Pero entonces... un solo comentario. Una opinión. Una actitud. Una forma de hablar. Algo que te revuelve todo lo que hay por dentro, todo ese dolor que siempre estuvo ahí. Algo que te hace ver que nada ha cambiado en esa persona, por mucho que tú hayas expresado tu dolor, tu frustración, tu rabia. Algo que te hace más daño que si volvieras a revivir todo aquello, porque es como la evidencia de que ninguna justicia es posible (y el perdón es una forma de justicia), de que el agresor ni se siente agresor ni, probablemente, ha pensado nunca en cómo te sientes tú. El problema eres tú, te dice y te repite. Como si tú no hubieras vivido tú propia vida, cómo si no supieras de dónde viene todo. Y pides venganza, y te sientes rabioso, y cada pequeño paso que hayas podido dar durante meses, años... se convierte en nada: no eres más que eso, un niño cabreado que pide que le traten como cree que se merece. Un vacío que va alimentando se vacío, o la pescadilla que se muerde la cola.
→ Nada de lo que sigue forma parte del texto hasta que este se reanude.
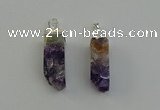 NGP6556 10*20mm - 11*30mm sticks druzy amethyst pendants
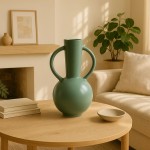 Vase double anses en céramique blanc 29cm | Hashtag Déco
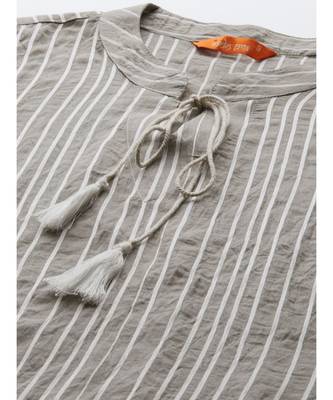 Indo Era Grey Striped Straight Kurtas 5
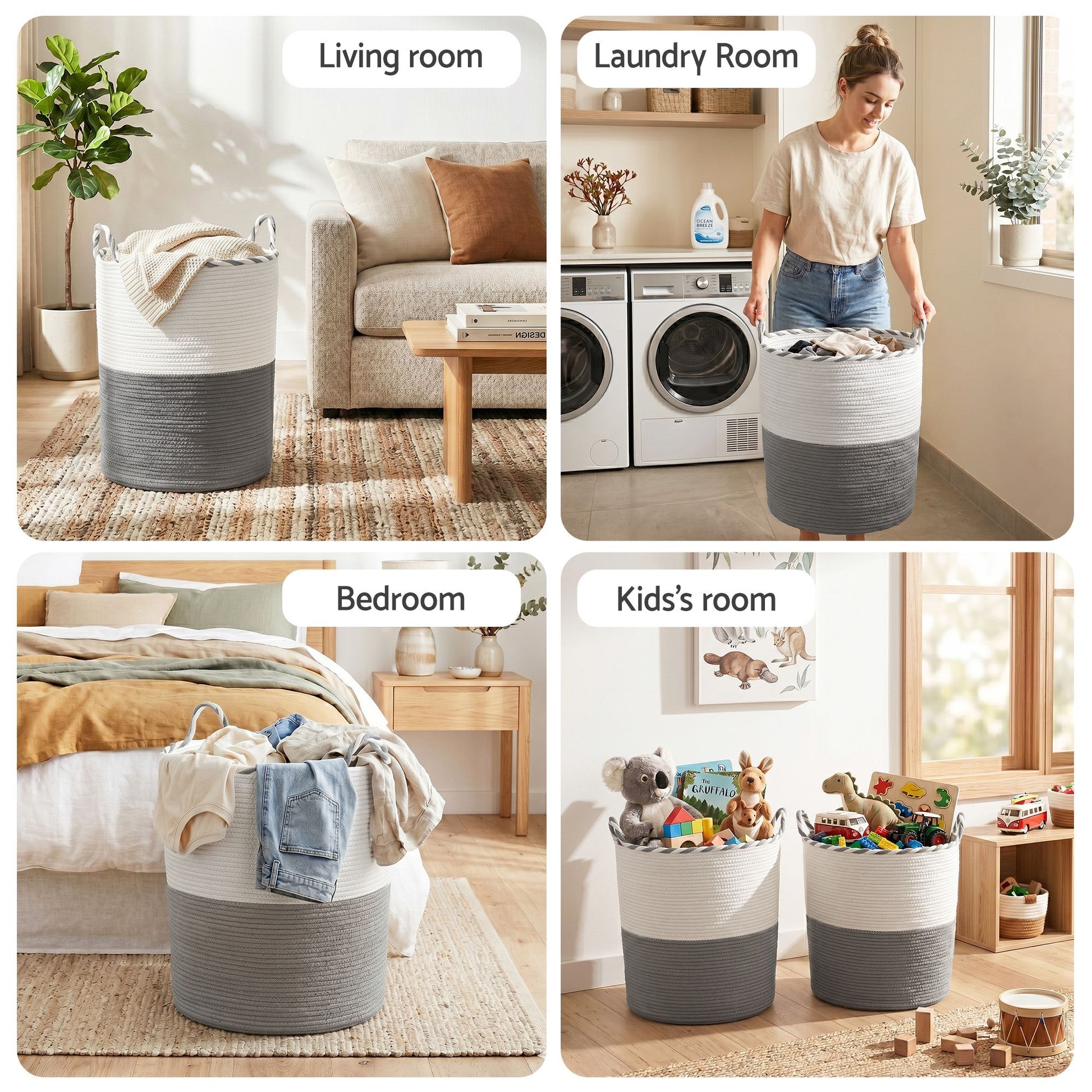 Artiss Woven Laundry Basket with handles Foldable White & Grey DRESS-D-BATH-GYWH
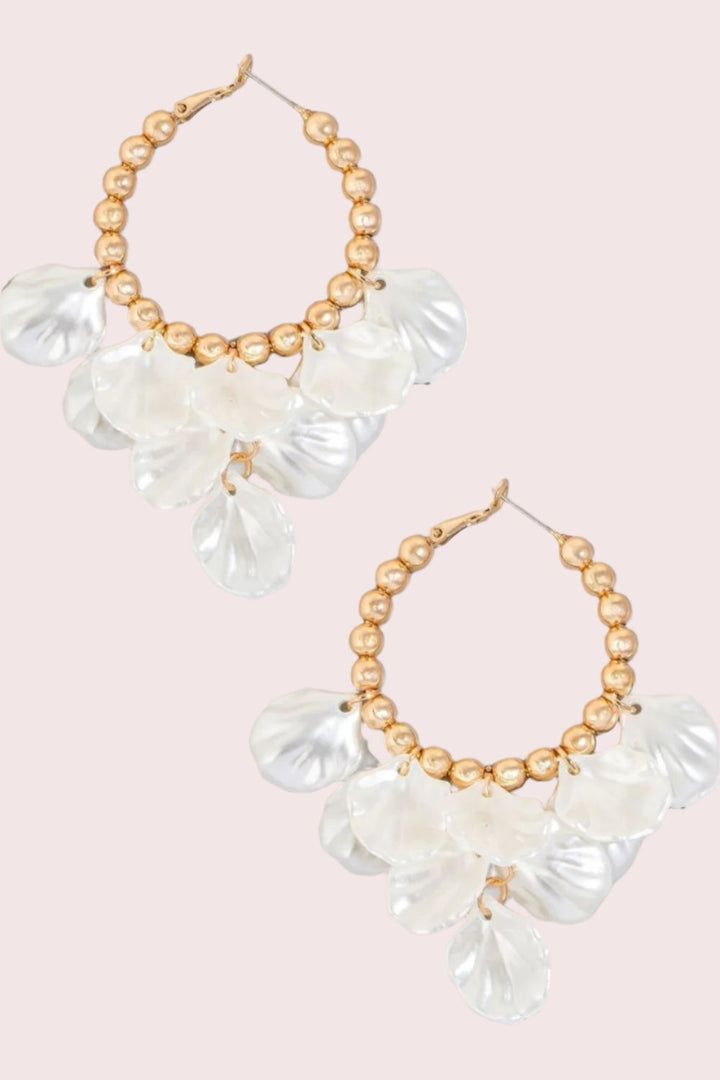 Pearl Petal Charms Beaded Latch Hoop Earrings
Y el agresor te mira, como un caso imposible, y piensa a lo mejor en sus otros hijos -tan normales, tan correctos siempre- y te ve como lo que quiere verte: el perrito feo de la camada. El hijo que le salíó mal. El problemático.
Tú mismo terminas por verte de esa forma, y acabas odiándote. Mientras el agresor -ajeno a todo esto- vive su vida y se lo pasa en grande (veraneo, vacaciones de Navidad en la sierra) y le habla a otra gente de ti como un problema que, también lo cuenta, le está saliendo carísimo. Como el que tiene un hijo tonto.